▶ **Given data**
▶

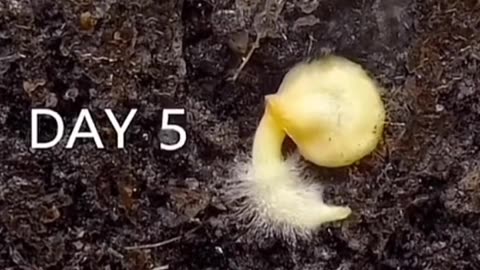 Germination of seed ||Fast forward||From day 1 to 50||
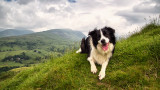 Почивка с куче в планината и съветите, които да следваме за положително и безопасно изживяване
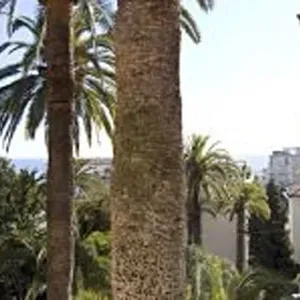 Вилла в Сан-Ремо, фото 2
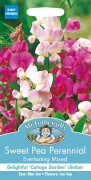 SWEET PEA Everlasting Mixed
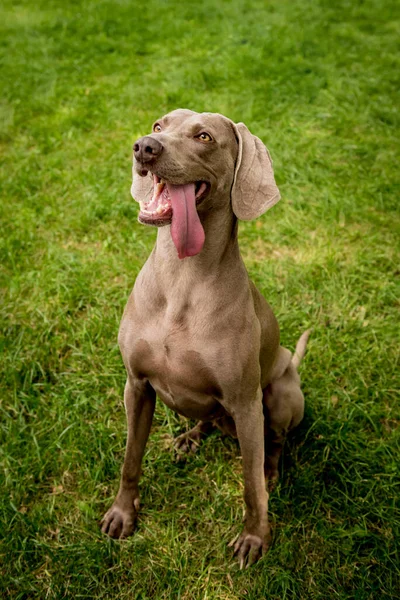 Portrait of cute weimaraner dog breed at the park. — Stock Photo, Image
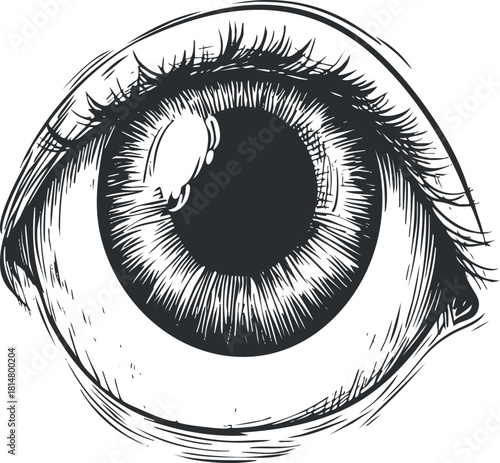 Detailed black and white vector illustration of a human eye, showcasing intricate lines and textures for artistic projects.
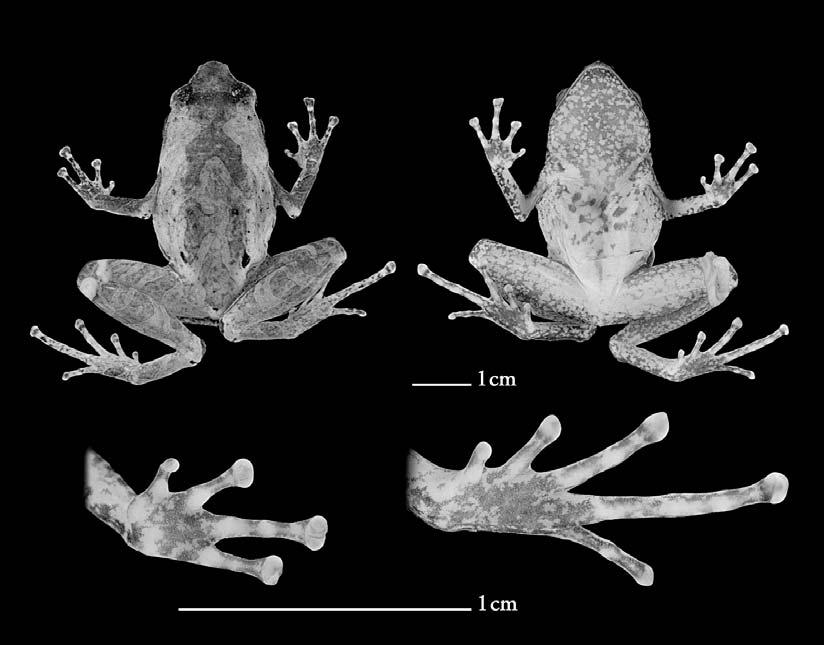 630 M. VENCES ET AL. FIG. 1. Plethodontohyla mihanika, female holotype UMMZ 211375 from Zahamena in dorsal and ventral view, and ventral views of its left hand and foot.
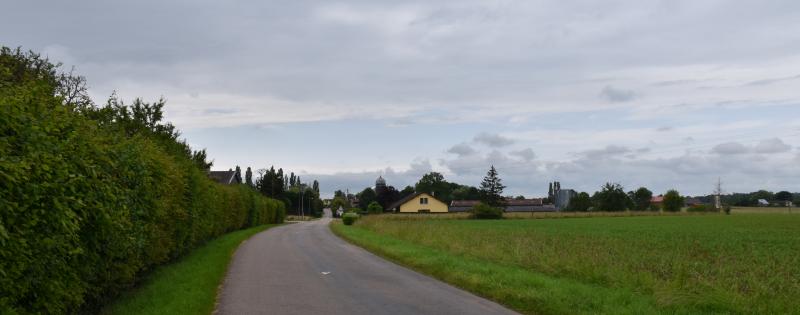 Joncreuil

◀
▶

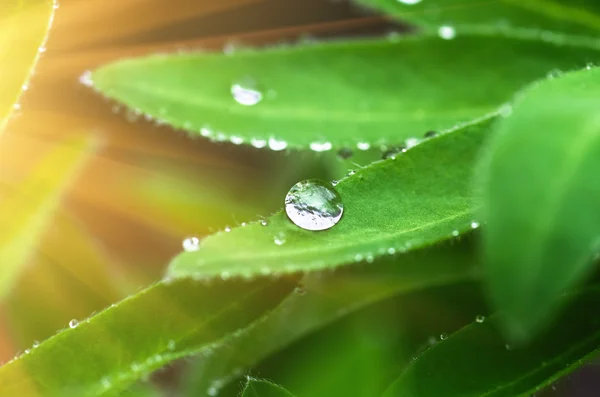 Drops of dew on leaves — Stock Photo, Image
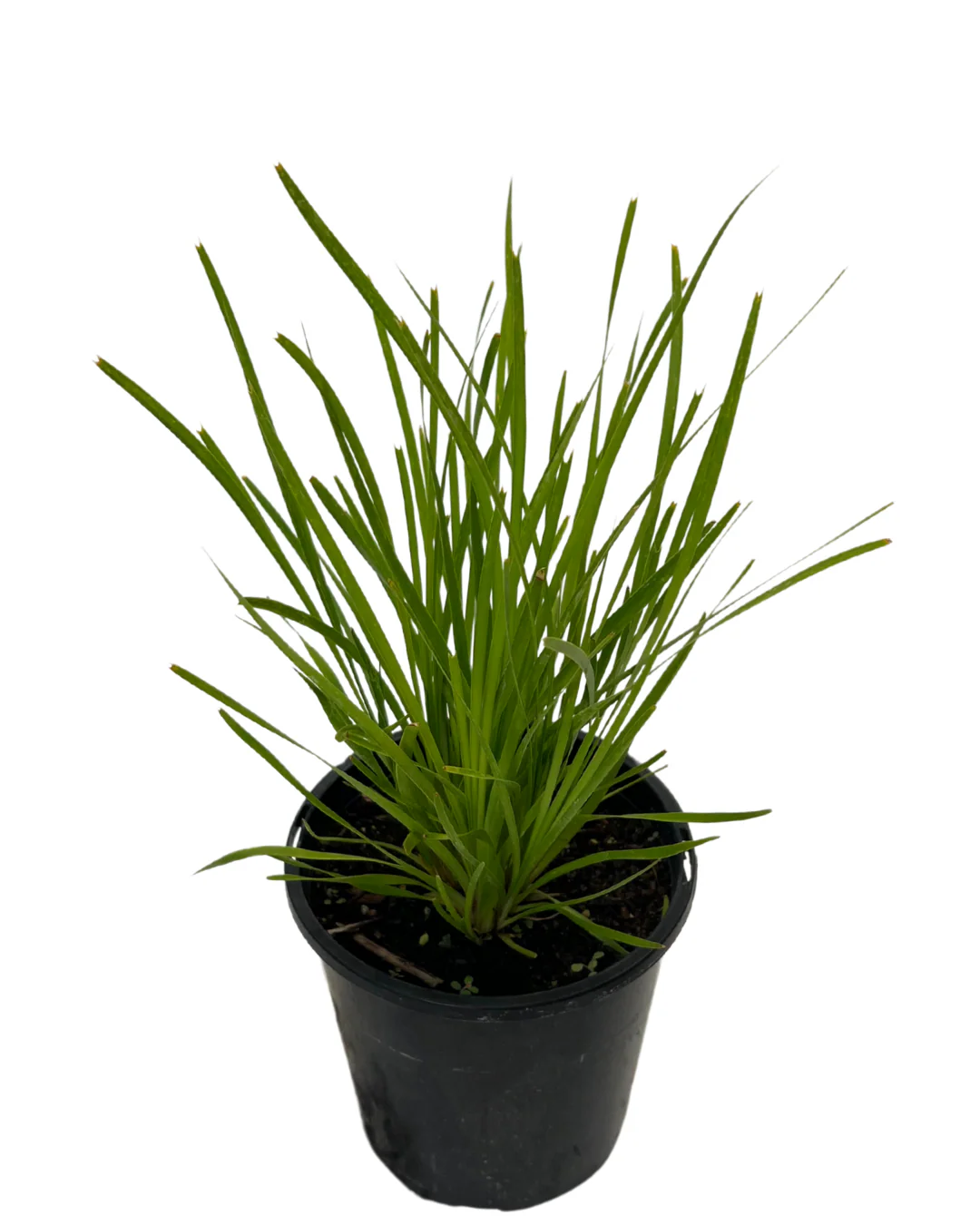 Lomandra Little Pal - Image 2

◀

▶ **The task**
Leaving each picture behind, please give again exactly the lines above from the one with "Вилла в Сан-Ремо, фото 2" through the one with "Detailed black and", both included, and no others.

▶ **Response area**
 Вилла в Сан-Ремо, фото 2
 SWEET PEA Everlasting Mixed
 Portrait of cute weimaraner dog breed at the park. — Stock Photo, Image
 Detailed black and white vector illustration of a human eye, showcasing intricate lines and textures for artistic projects.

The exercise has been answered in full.